▶ [Task instructions]: Your answer must be an exact repeat of the lines from the one containing "306 W Revere" through the last line of the records, both included, with no pictures.

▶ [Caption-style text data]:

◆ ◆ ◆ ◆ ◆ ◆ ◆

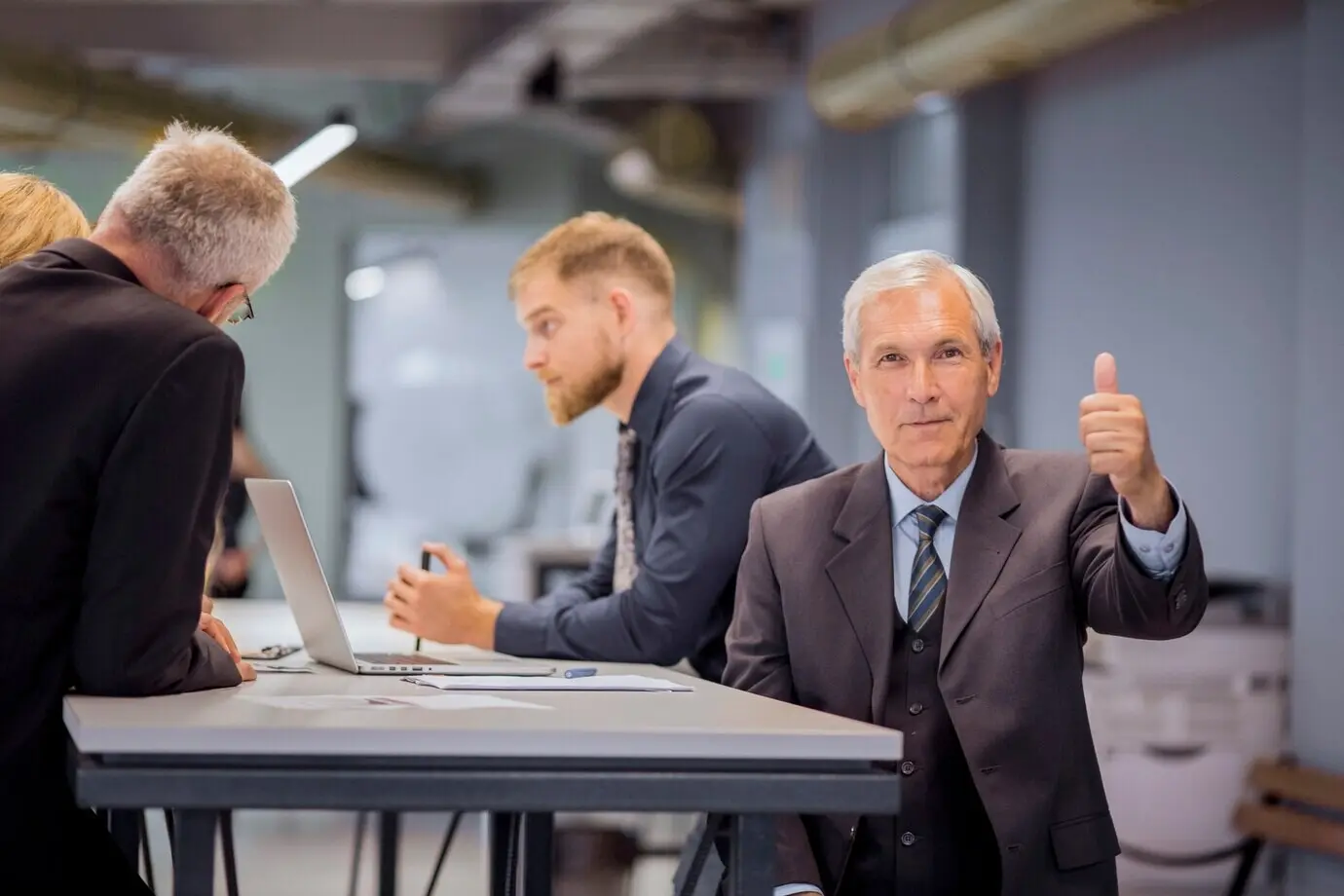 Ein leitender Geschäftsmann sitzt vor seinem im Büro diskutierenden Team und zeigt den Daumen hoch.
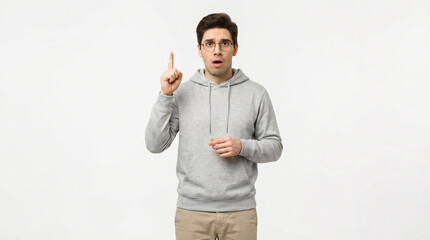 Man with an idea raising index finger Eureka moment problem solving concept surprise expression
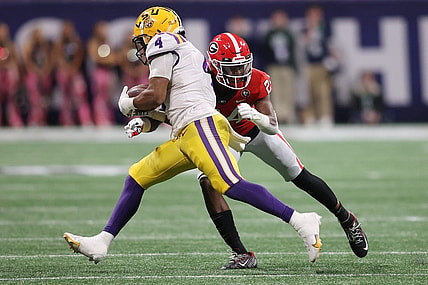Dec 3, 2022; Atlanta, GA, USA; LSU Tigers running back John Emery Jr. (4) is hit following his reception by Georgia Bulldogs defensive back Malaki Starks (24) during the second quarter at Mercedes-Benz Stadium. Mandatory Credit: Brett Davis-USA TODAY Sports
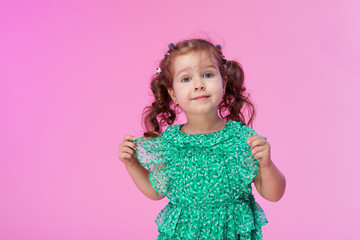 Funny little kid, toddler girl in fashionable green dress isolated on pink background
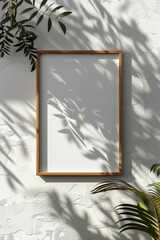 Aesthetic showcase of blank frame on white wall with leaf shadows, exuding tranquility and artistry.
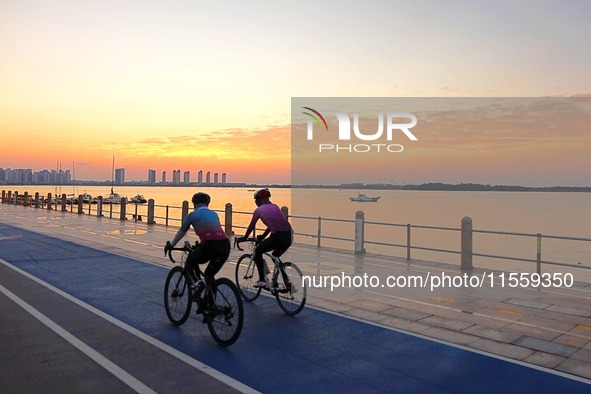 Cyclists ride on Tangdao Bay under the sunrise in Qingdao, China, on September 9, 2024. 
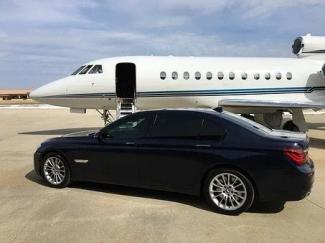 Private car parked beside luxury aircraft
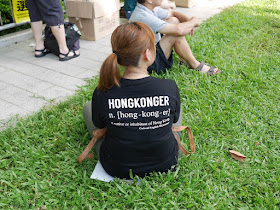 young woman wearing a shirt with the definition of "Hongkonger"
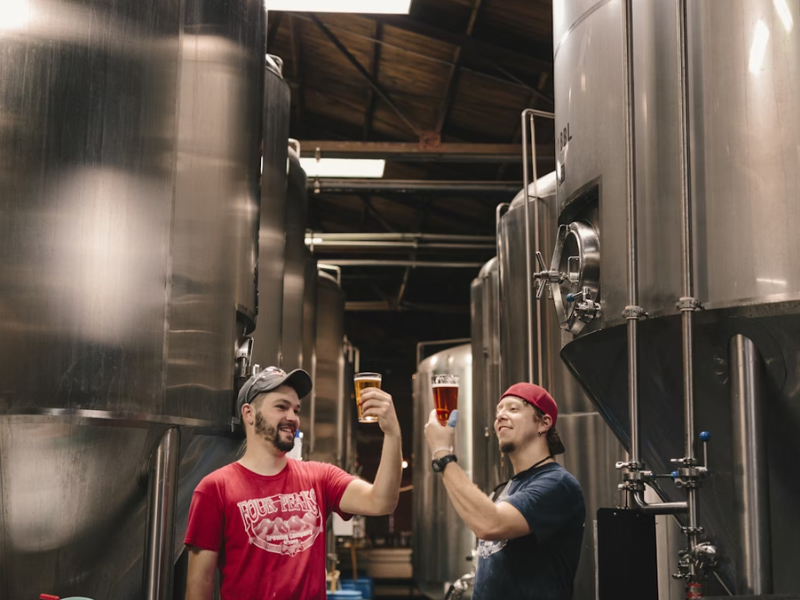 dois funcionários de uma das cervejarias pelo mundo analisando cervejas no copo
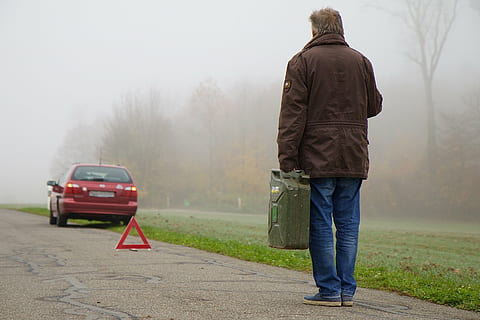 person standing holding gasoline container, vehicle, breakdown triangle HD wallpaper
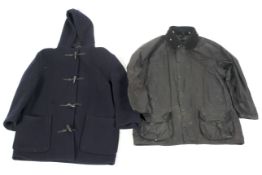 Two hunting coats including: a Barbour Beaufort jacket in black with chequered lining,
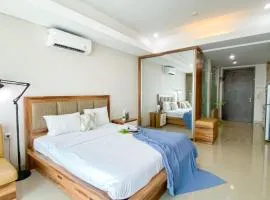 Big and Comfy Studio at Kemang Village Apartment By Travelio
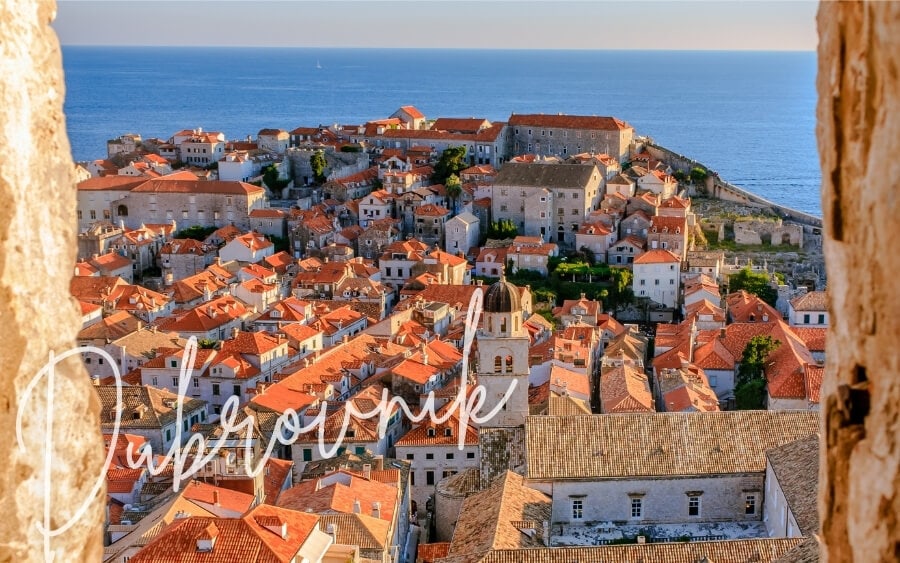 Peeking through a stone portal to view the old town of Dubrovnik.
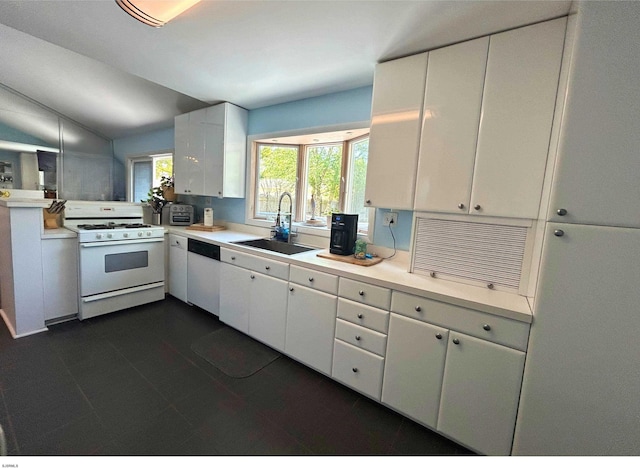 306 W Revere Ave, Northfield, NJ 08225 - kitchen featuring white appliances, a sink, light countertops, white cabinetry, and lofted ceiling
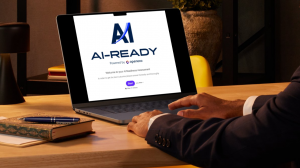 A Laptop showing the AI-Ready Assessment home screen.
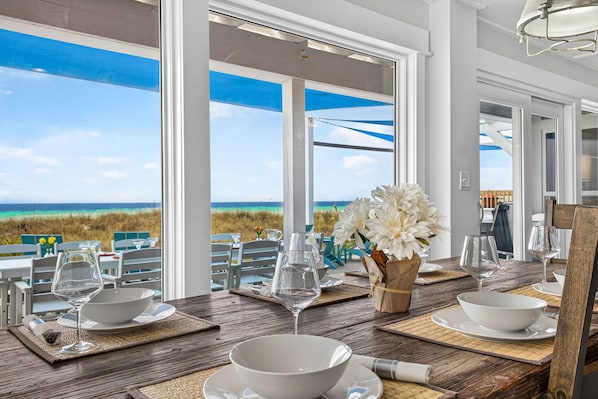 A dining table set with white bowls and wine glasses, overlooking a beach view.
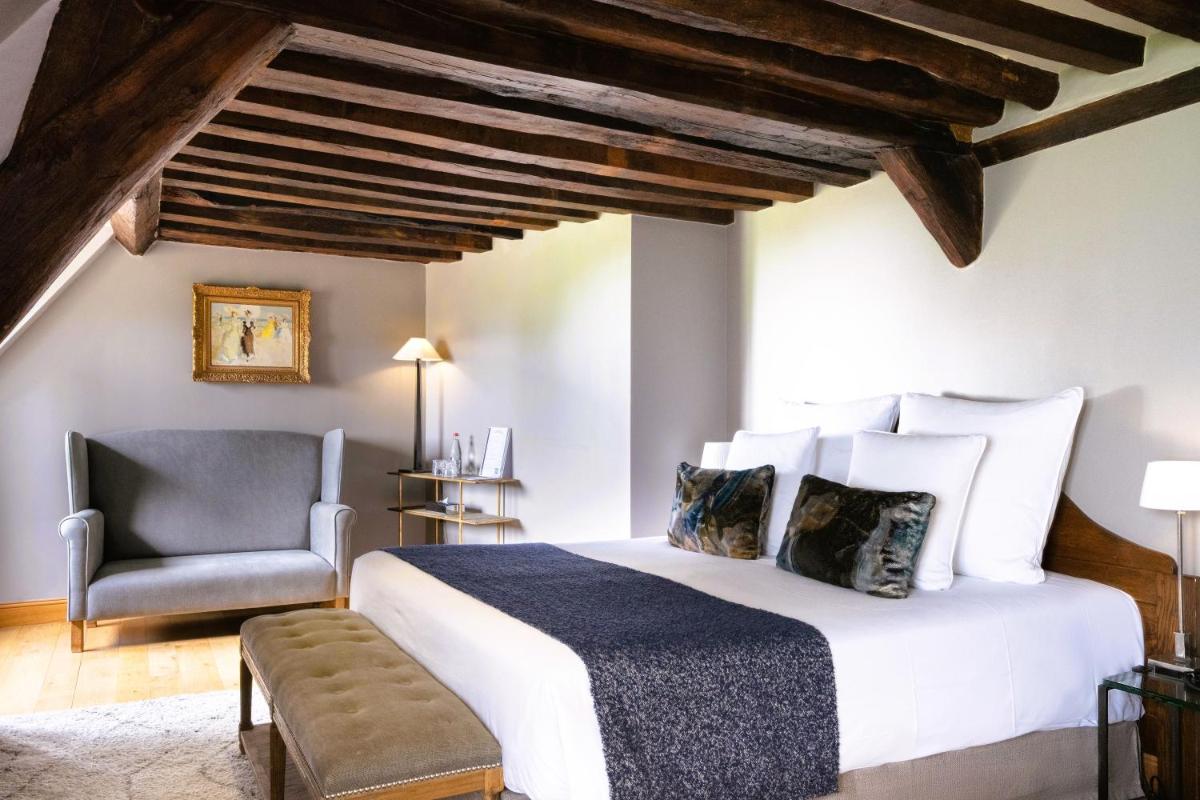 Un ou plusieurs lits dans un hébergement de l'établissement La Ferme Saint Simeon Hotel & Spa - Relais & Chateaux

◆ ◆ ◆ ◆ ◆ ◆ ◆

▶ [Answer area]:
 306 W Revere Ave, Northfield, NJ 08225 - kitchen featuring white appliances, a sink, light countertops, white cabinetry, and lofted ceiling
 A Laptop showing the AI-Ready Assessment home screen.
 A dining table set with white bowls and wine glasses, overlooking a beach view.
 Un ou plusieurs lits dans un hébergement de l'établissement La Ferme Saint Simeon Hotel & Spa - Relais & Chateaux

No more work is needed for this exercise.